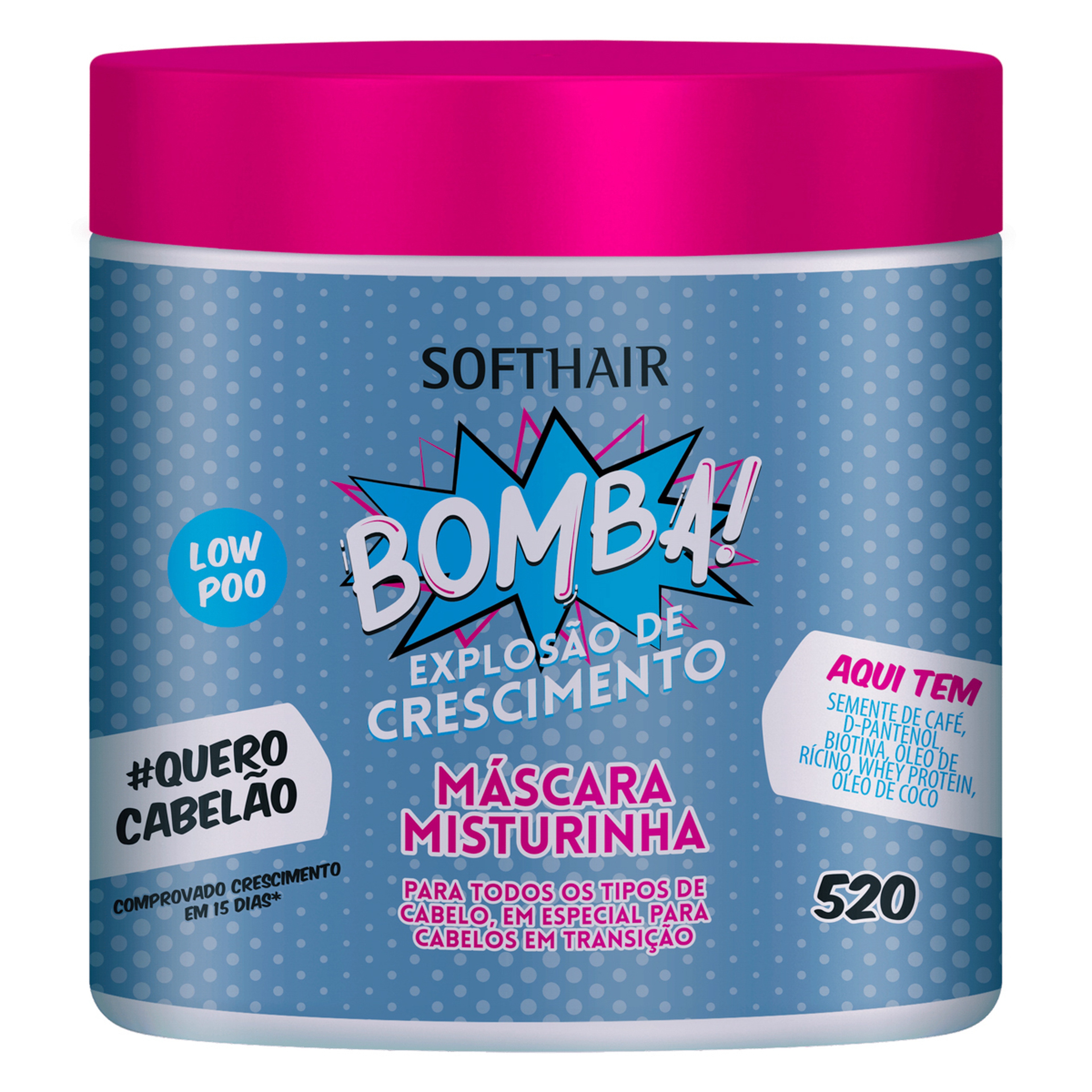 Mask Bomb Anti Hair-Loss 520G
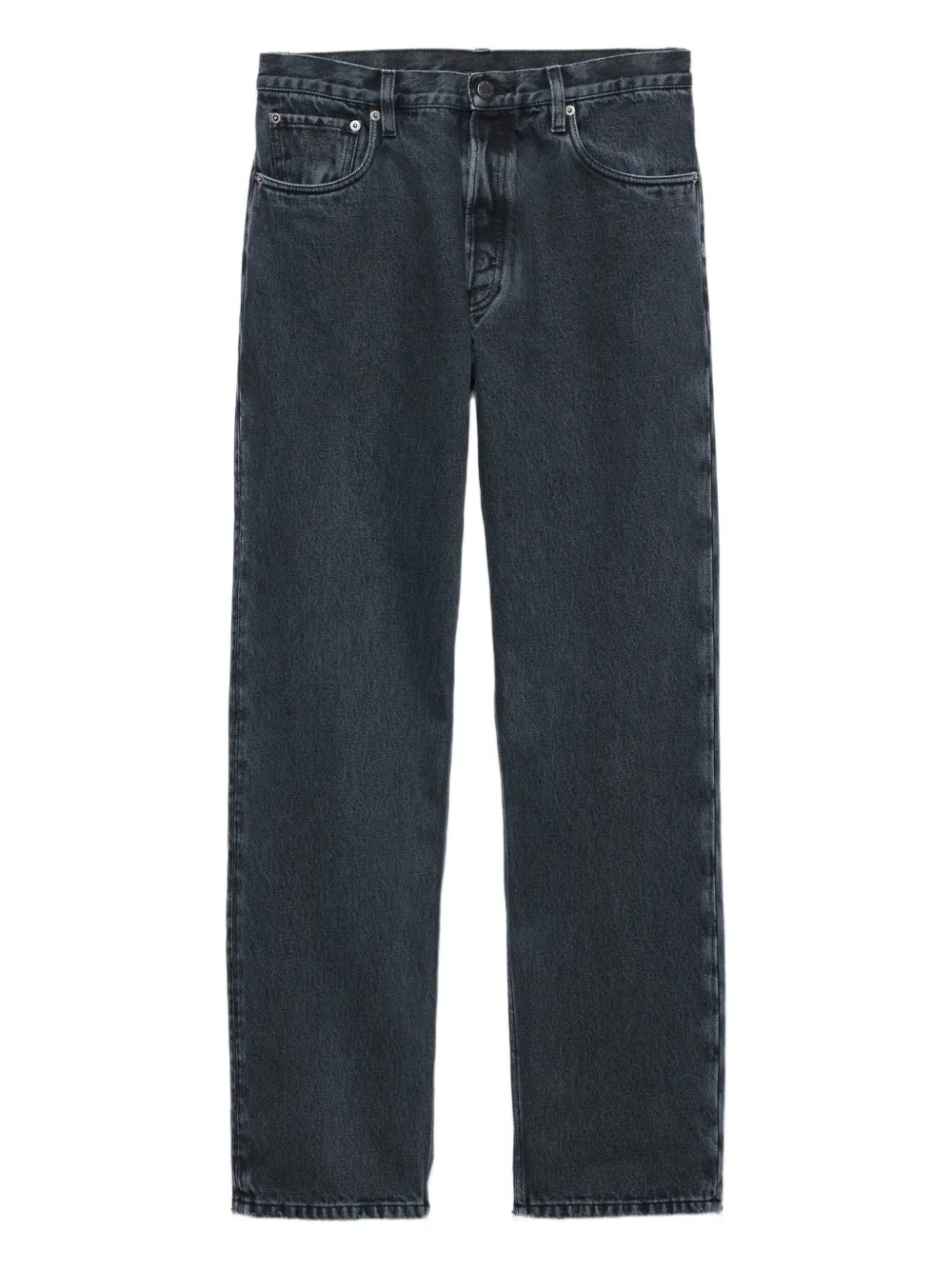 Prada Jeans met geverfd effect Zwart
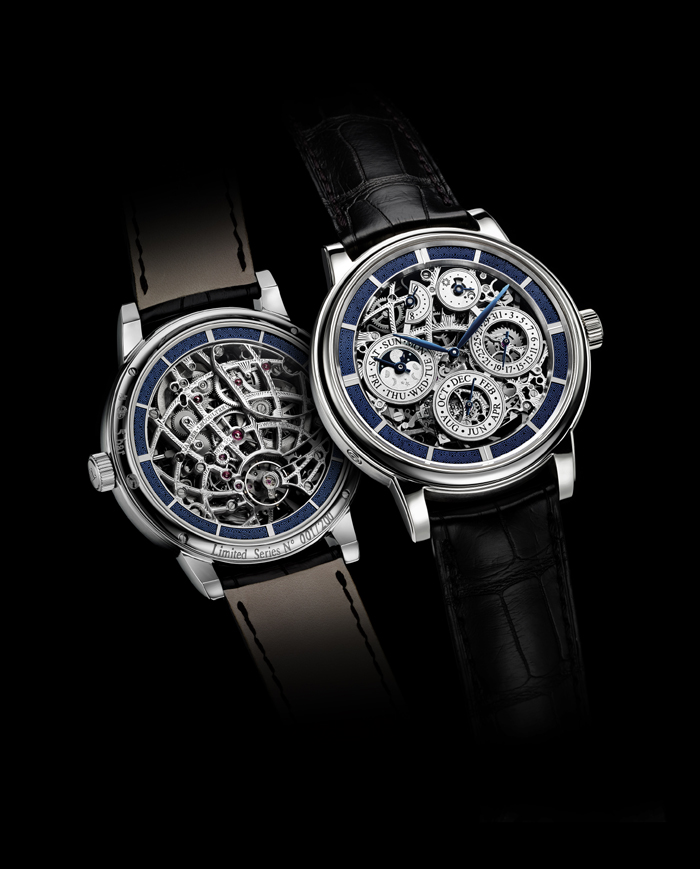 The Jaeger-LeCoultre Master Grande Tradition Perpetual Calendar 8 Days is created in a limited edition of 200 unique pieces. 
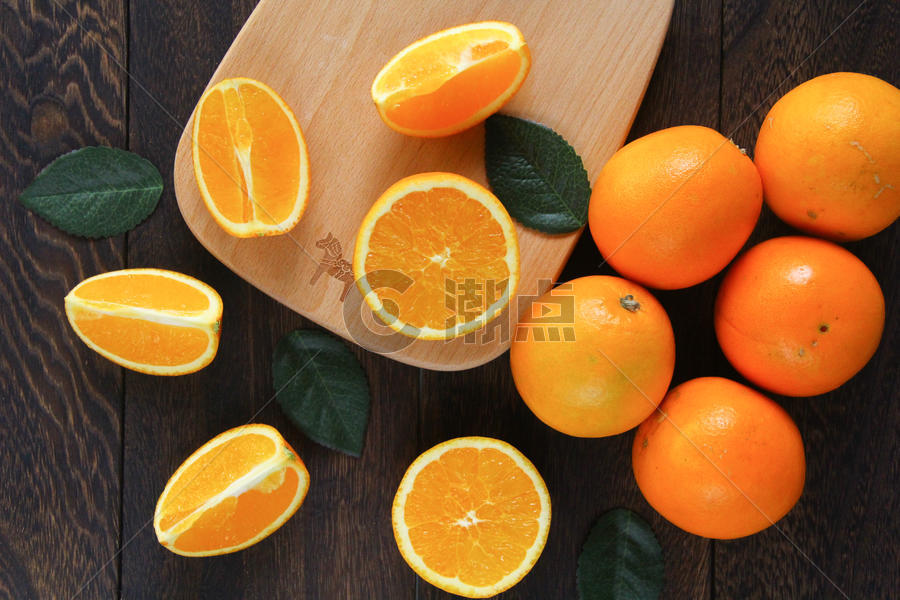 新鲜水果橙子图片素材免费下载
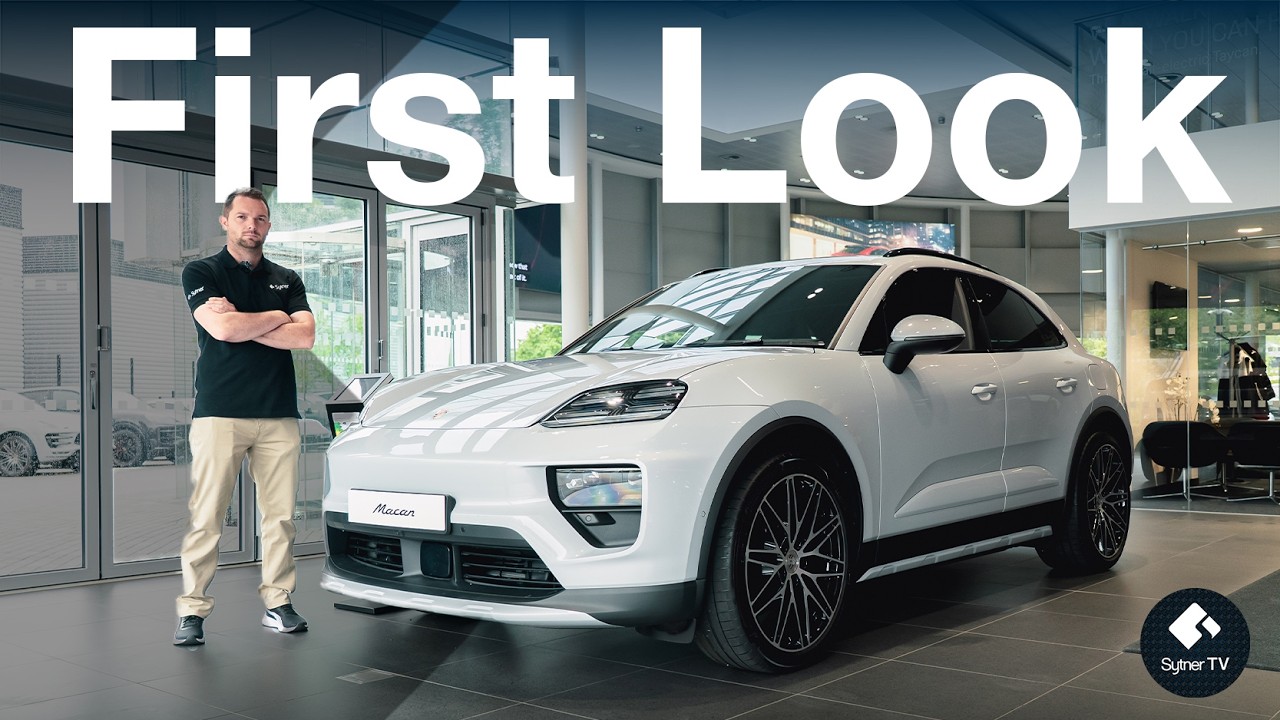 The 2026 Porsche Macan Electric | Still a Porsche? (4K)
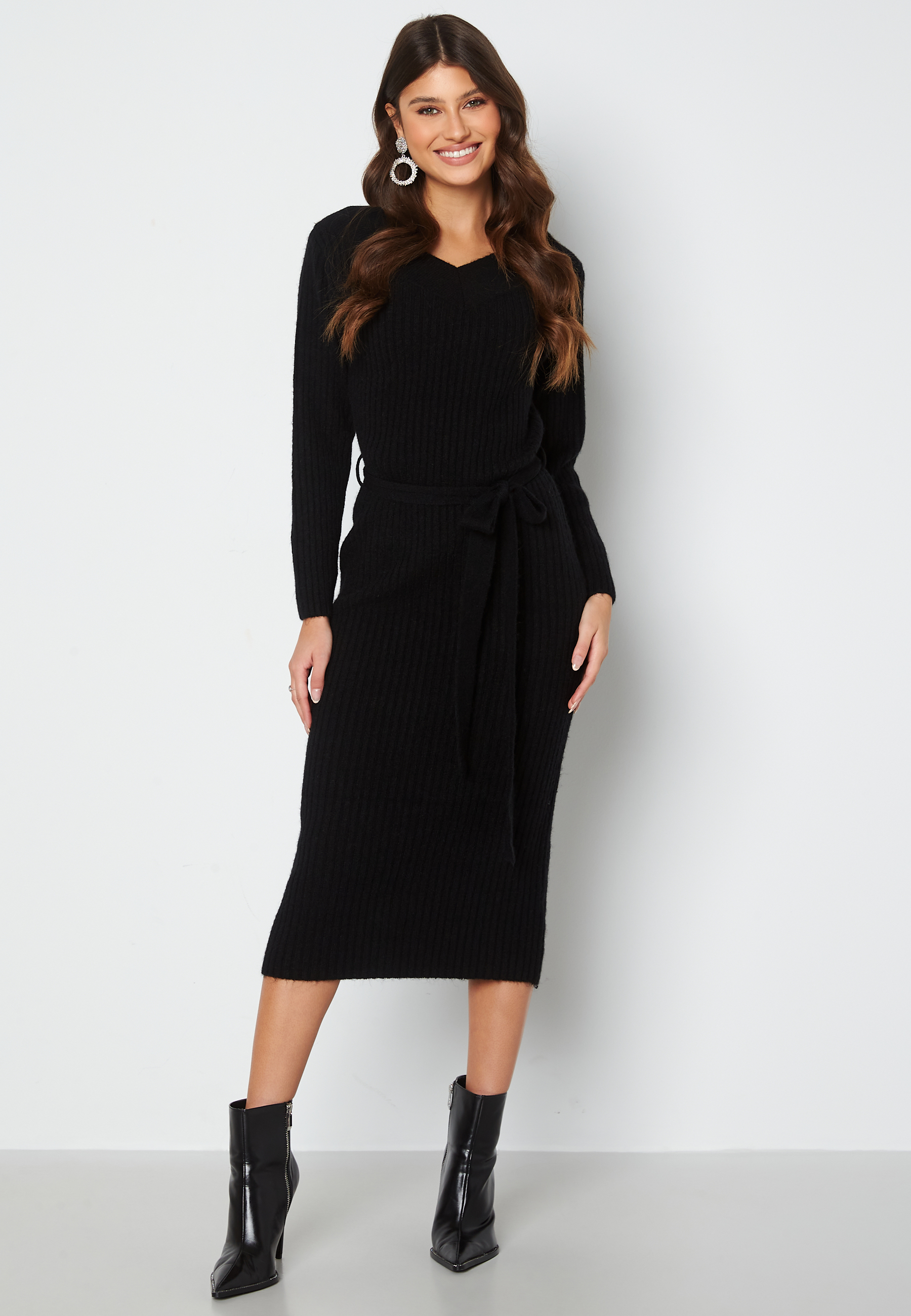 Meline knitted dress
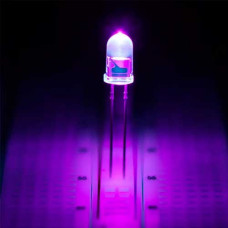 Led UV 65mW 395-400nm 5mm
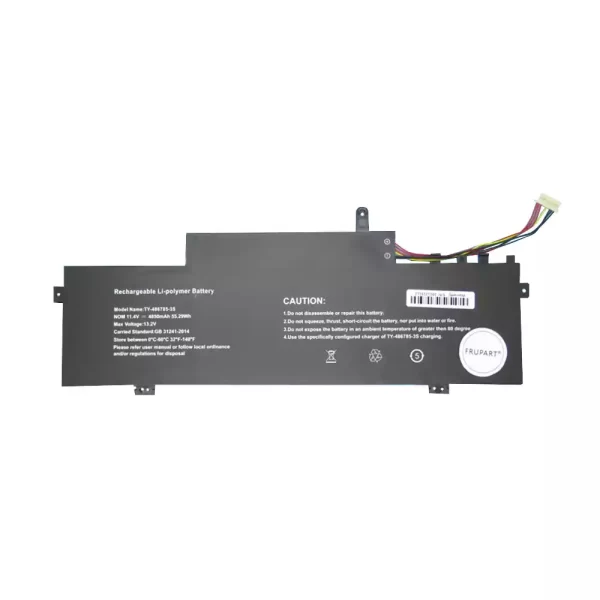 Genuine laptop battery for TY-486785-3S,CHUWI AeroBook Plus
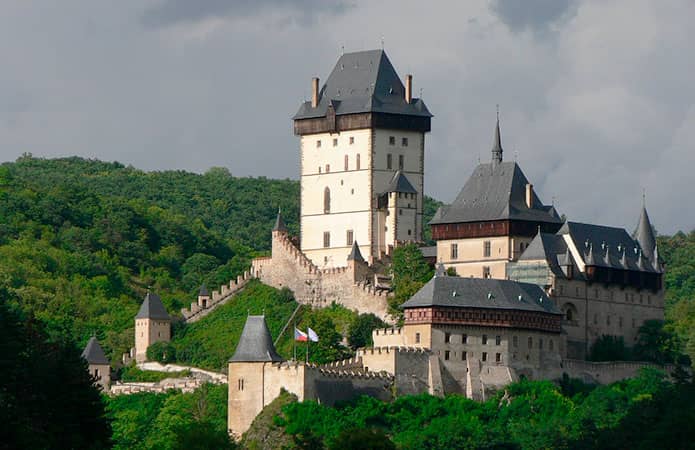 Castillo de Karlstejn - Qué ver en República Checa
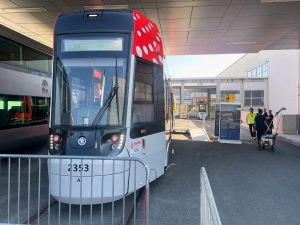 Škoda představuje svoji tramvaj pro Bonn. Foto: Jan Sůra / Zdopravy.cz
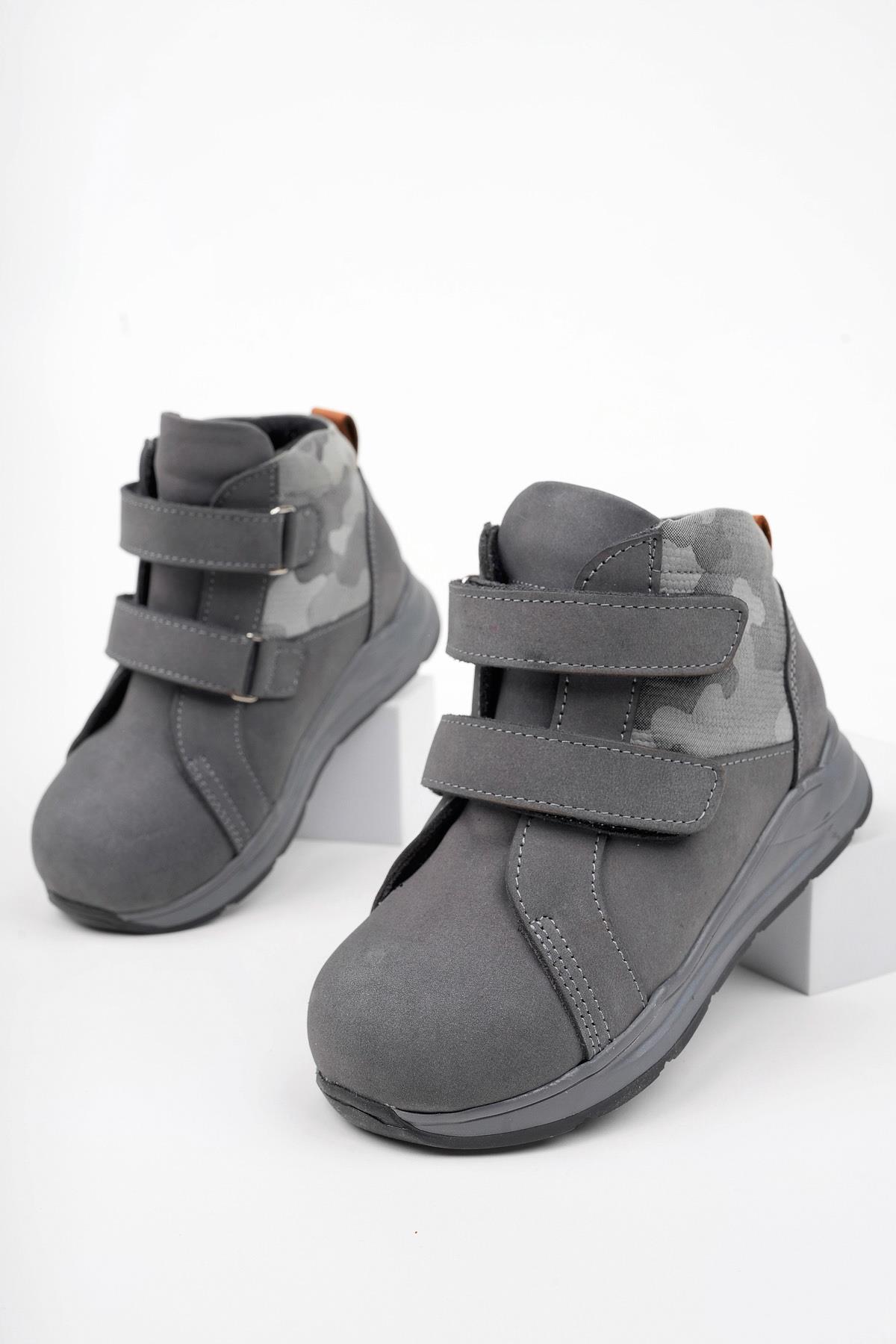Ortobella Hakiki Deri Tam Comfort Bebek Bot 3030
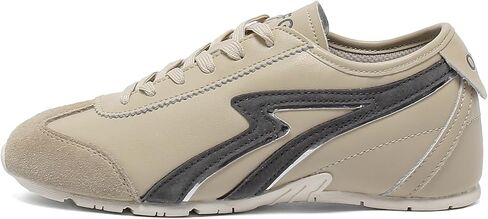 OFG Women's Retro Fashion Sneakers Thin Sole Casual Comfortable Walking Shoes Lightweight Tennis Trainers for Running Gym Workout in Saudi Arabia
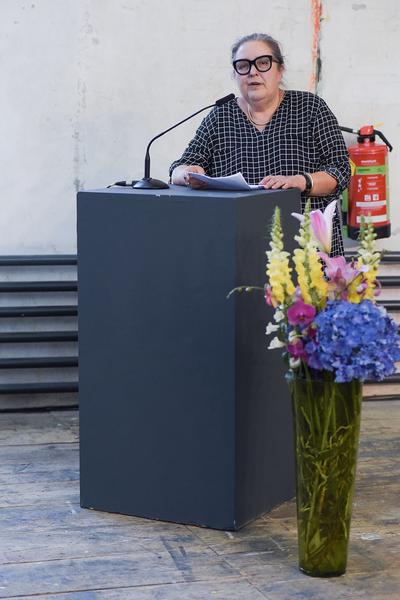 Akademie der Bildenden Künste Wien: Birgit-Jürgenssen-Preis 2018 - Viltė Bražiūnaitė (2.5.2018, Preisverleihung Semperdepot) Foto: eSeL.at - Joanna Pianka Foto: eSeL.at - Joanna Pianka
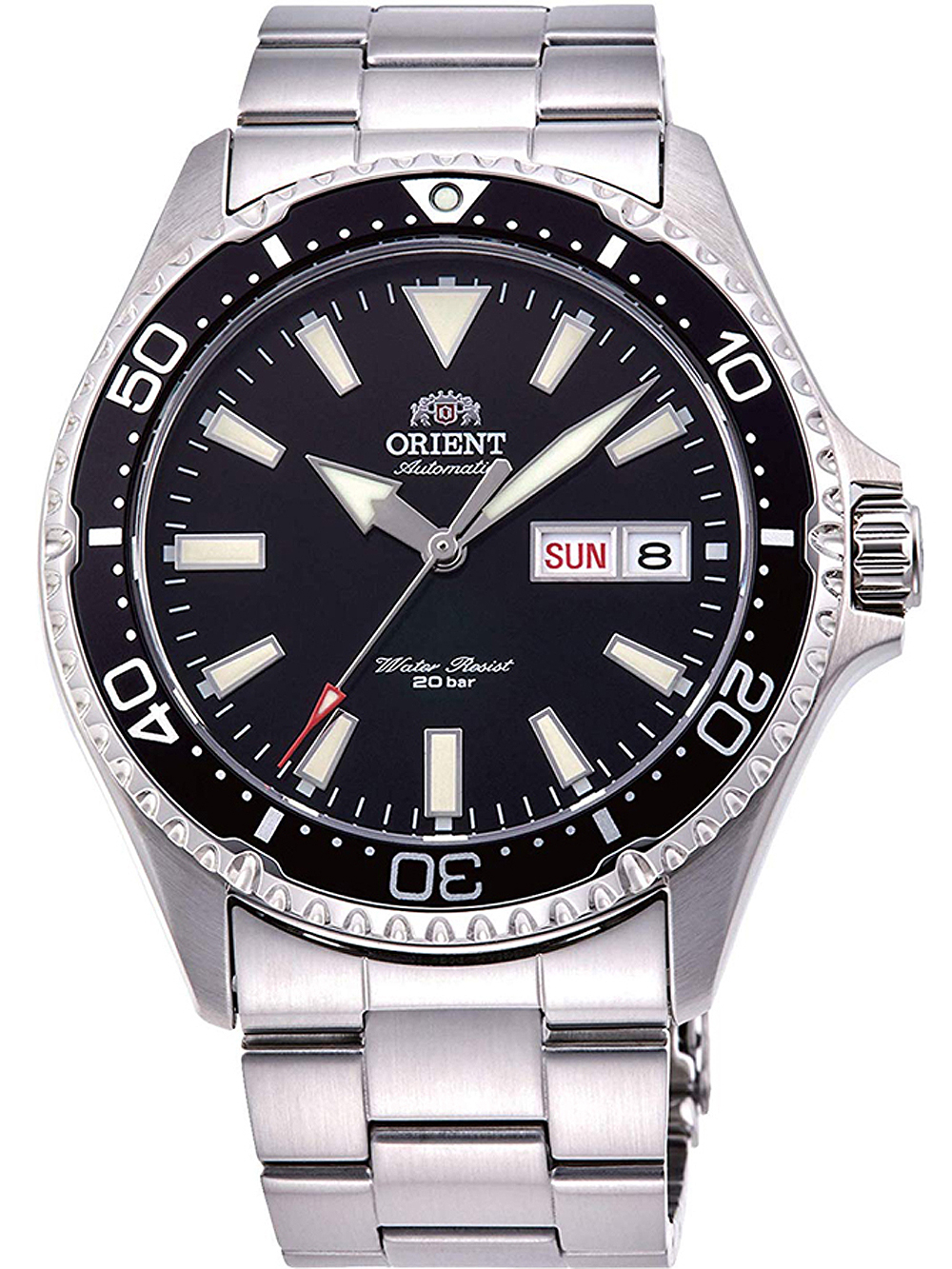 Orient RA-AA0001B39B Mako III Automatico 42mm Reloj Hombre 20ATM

※ ※ ※

EXERCISE -> With the pictures stripped out, return each record word for word.

SOLUTION TO THIS TASK ->
 Mask Bomb Anti Hair-Loss 520G
 Prada Jeans met geverfd effect Zwart
 The Jaeger-LeCoultre Master Grande Tradition Perpetual Calendar 8 Days is created in a limited edition of 200 unique pieces. 
 新鲜水果橙子图片素材免费下载
 The 2026 Porsche Macan Electric | Still a Porsche? (4K)
 Meline knitted dress
 Led UV 65mW 395-400nm 5mm
 Genuine laptop battery for TY-486785-3S,CHUWI AeroBook Plus
 Castillo de Karlstejn - Qué ver en República Checa
 Škoda představuje svoji tramvaj pro Bonn. Foto: Jan Sůra / Zdopravy.cz
Ortobella Hakiki Deri Tam Comfort Bebek Bot 3030
 OFG Women's Retro Fashion Sneakers Thin Sole Casual Comfortable Walking Shoes Lightweight Tennis Trainers for Running Gym Workout in Saudi Arabia
 Akademie der Bildenden Künste Wien: Birgit-Jürgenssen-Preis 2018 - Viltė Bražiūnaitė (2.5.2018, Preisverleihung Semperdepot) Foto: eSeL.at - Joanna Pianka Foto: eSeL.at - Joanna Pianka
 Orient RA-AA0001B39B Mako III Automatico 42mm Reloj Hombre 20ATM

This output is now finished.